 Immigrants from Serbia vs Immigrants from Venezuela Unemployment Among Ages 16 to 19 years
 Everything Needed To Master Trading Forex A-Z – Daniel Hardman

==

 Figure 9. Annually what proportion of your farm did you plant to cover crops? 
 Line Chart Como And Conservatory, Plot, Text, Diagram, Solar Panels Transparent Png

Work request – Using the records above, copy word for word the line with "Immigrants from Serbia", the line with "Everything Needed To", and every line between them.

Result for this exercise –
 Immigrants from Serbia vs Immigrants from Venezuela Unemployment Among Ages 16 to 19 years
 Everything Needed To Master Trading Forex A-Z – Daniel Hardman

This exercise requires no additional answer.